Invasive Coronary Angiography
Imaging was performed through the right femoral approach using the Judkins technique, standard 6-7 French catheters and a Siemens Axiom Artis FC device (Siemens Medical Solutions, Germany). After intubation of the left coronary artery, right anterior oblique caudal, anteroposterior axis cranial, left anterior oblique caudal and right anterior oblique caudal (spider) views were evaluated. Further investigations were performed as necessary. ICA images were evaluated retrospectively and the same stenosis classification was applied. Stenosis >50% was defined as “anatomically significant”.
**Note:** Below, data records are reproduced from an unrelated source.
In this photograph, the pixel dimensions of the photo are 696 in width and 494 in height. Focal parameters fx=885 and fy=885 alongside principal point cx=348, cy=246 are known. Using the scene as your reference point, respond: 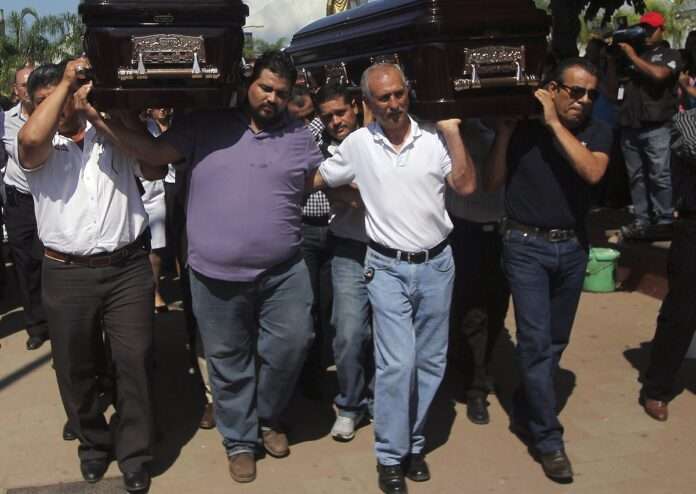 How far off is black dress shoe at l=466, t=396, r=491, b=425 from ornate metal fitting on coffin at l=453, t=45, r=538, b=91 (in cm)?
173

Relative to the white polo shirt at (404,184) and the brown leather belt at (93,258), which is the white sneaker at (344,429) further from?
the brown leather belt at (93,258)

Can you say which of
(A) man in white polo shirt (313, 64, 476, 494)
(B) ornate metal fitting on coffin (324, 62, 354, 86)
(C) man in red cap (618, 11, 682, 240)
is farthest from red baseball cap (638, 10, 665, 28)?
(A) man in white polo shirt (313, 64, 476, 494)

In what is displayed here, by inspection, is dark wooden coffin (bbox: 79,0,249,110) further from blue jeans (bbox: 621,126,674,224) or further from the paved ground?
blue jeans (bbox: 621,126,674,224)

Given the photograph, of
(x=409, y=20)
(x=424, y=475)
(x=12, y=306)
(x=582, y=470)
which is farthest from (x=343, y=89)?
(x=12, y=306)

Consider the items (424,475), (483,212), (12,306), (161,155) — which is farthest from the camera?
(12,306)

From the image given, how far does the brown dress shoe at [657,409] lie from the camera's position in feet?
14.9

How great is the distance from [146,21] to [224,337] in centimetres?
137

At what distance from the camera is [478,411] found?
457cm

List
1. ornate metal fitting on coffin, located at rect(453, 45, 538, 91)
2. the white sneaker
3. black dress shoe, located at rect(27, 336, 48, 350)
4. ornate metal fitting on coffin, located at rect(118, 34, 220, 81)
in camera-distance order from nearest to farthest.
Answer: ornate metal fitting on coffin, located at rect(118, 34, 220, 81) < ornate metal fitting on coffin, located at rect(453, 45, 538, 91) < the white sneaker < black dress shoe, located at rect(27, 336, 48, 350)

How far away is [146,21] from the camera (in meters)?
Result: 3.40

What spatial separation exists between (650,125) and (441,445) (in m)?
4.46

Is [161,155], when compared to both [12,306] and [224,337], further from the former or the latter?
[12,306]

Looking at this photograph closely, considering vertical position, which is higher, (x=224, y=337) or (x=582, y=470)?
(x=224, y=337)

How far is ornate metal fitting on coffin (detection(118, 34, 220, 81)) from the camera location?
3.37m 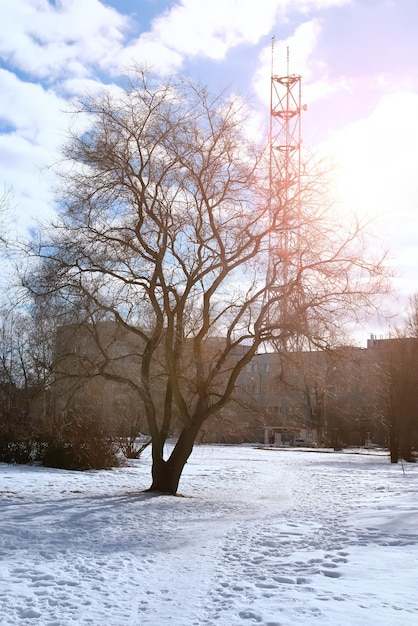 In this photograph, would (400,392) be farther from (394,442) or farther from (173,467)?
(173,467)

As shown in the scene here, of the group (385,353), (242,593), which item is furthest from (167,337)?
(385,353)

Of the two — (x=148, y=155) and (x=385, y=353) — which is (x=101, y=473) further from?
(x=385, y=353)

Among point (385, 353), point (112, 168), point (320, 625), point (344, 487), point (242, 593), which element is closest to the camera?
point (320, 625)

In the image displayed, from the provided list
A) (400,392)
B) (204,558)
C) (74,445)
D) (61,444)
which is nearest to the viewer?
(204,558)

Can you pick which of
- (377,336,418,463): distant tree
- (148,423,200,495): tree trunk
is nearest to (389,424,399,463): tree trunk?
(377,336,418,463): distant tree

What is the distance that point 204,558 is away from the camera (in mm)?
9180

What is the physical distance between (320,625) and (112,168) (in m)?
12.7

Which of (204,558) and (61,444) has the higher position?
(61,444)

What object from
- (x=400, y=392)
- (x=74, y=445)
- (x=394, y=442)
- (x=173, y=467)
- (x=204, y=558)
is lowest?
(x=204, y=558)

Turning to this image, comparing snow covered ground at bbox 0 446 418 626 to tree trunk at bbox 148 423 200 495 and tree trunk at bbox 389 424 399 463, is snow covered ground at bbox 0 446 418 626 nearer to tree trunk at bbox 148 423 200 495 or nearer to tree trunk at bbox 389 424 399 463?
tree trunk at bbox 148 423 200 495

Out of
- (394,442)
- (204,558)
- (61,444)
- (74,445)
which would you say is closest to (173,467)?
(74,445)

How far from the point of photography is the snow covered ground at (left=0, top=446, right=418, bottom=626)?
6344mm

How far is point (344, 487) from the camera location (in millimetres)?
20984

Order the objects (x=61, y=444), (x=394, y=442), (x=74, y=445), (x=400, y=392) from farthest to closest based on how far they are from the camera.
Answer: (x=400, y=392)
(x=394, y=442)
(x=61, y=444)
(x=74, y=445) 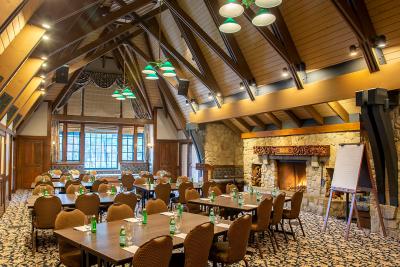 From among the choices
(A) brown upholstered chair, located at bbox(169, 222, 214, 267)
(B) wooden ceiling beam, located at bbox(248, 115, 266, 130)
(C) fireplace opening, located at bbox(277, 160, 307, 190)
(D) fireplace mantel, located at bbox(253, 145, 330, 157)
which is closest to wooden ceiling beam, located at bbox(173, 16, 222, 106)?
(B) wooden ceiling beam, located at bbox(248, 115, 266, 130)

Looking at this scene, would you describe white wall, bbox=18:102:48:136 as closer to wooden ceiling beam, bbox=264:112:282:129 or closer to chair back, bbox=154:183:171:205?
chair back, bbox=154:183:171:205

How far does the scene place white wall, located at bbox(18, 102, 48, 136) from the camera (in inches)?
582

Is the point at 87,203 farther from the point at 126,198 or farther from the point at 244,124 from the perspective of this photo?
the point at 244,124

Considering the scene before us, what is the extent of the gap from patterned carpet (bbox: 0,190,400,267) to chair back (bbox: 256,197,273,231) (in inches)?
18.3

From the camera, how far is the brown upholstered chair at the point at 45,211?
18.7 feet

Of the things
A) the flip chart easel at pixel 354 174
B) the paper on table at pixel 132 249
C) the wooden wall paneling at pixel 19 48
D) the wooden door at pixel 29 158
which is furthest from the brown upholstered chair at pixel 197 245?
the wooden door at pixel 29 158

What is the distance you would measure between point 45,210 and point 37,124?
10329mm

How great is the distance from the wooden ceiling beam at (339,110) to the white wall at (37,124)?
11907mm

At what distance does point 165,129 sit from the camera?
679 inches

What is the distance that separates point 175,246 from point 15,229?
210 inches

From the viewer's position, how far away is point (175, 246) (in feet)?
11.6

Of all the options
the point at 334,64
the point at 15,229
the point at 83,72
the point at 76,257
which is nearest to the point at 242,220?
the point at 76,257

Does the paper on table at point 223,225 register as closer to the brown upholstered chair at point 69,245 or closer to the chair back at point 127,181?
the brown upholstered chair at point 69,245

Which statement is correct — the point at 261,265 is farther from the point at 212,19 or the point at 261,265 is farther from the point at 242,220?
the point at 212,19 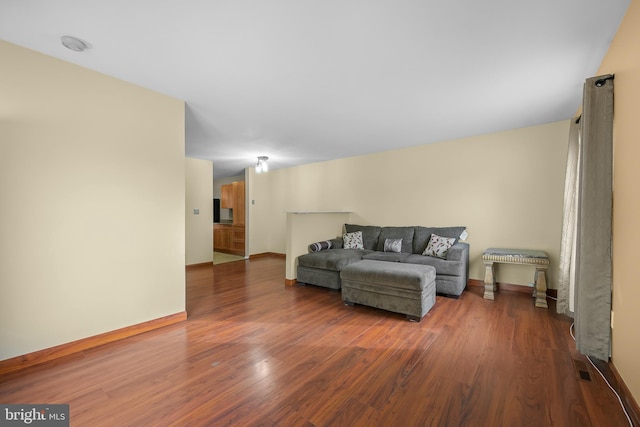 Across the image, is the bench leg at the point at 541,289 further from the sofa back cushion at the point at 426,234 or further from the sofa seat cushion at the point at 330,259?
the sofa seat cushion at the point at 330,259

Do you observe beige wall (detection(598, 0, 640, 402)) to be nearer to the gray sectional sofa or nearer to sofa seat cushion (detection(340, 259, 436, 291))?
sofa seat cushion (detection(340, 259, 436, 291))

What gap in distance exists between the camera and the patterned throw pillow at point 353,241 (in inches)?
191

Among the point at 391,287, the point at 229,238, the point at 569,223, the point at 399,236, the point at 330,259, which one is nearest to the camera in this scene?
the point at 569,223

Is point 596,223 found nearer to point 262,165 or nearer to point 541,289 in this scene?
point 541,289

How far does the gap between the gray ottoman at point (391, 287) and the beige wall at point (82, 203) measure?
2005 millimetres

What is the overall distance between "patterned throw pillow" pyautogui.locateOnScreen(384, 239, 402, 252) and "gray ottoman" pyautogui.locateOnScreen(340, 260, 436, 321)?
1256 millimetres

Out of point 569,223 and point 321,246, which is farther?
point 321,246

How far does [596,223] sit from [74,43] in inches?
160

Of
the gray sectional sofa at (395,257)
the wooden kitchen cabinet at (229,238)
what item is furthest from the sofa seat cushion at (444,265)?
the wooden kitchen cabinet at (229,238)

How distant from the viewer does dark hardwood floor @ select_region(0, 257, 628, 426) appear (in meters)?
1.51

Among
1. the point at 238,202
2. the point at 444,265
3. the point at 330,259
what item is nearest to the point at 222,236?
the point at 238,202

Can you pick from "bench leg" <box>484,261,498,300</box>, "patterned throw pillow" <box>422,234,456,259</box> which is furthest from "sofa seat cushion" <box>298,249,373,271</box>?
"bench leg" <box>484,261,498,300</box>

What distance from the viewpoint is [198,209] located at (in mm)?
5832

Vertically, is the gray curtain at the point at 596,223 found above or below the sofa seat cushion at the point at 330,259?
above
Cardiac Hybrid Imaging Fusion Phase
All anatomic and functional images were fused by CardIQ Fusion software (Advantage Workstation 4.3, GE Healthcare, IL, USA). All axes from two separate imaging techniques were interlaced and optimized automatically. A perfusion map that was inserted into three-dimensional (3D) CCTA images of the left ventricle was assessed and discrepancies were rectified. After the exclusion of pulmonary arteries and veins, the “coronary artery tree” was created and software fused 3D images of the left ventricle and coronary artery were interlaced to create a CHI (Figure 1, 2, 3). Evaluation of gMPS and CHI results was blinded. Atherosclerotic stenosis in the coronary arteries and/or their branches with normal perfusion was defined as “hemodynamically insignificant” but perfusion defects with stenosis >50% were defined as “hemodynamically significant.” Gulhane Military Medical Academy Command Local Ethics Committee granted approval for the study (approval number: 05.01.2016/25).
Statistical Analysis
Statistical consistency between CCTA, ICA and CHI results on significant anatomic and hemodynamic stenoses in three major coronary arteries were evaluated using the McNemar test. SPSS Statistics version 22 (IBM Corp., Armonk, NY, USA) was used. Comparison results of the coronary arteries responsible for the perfusion defects on CHI, gMPS and other comparisons were presented as percentages (%).
Study Limitations
The retrospective design, lack of routine measurement of fractional flow reserve during the gold standard ICA and absence of a statistical design for the correlation between CCTA and gMPS are the limitations of our study.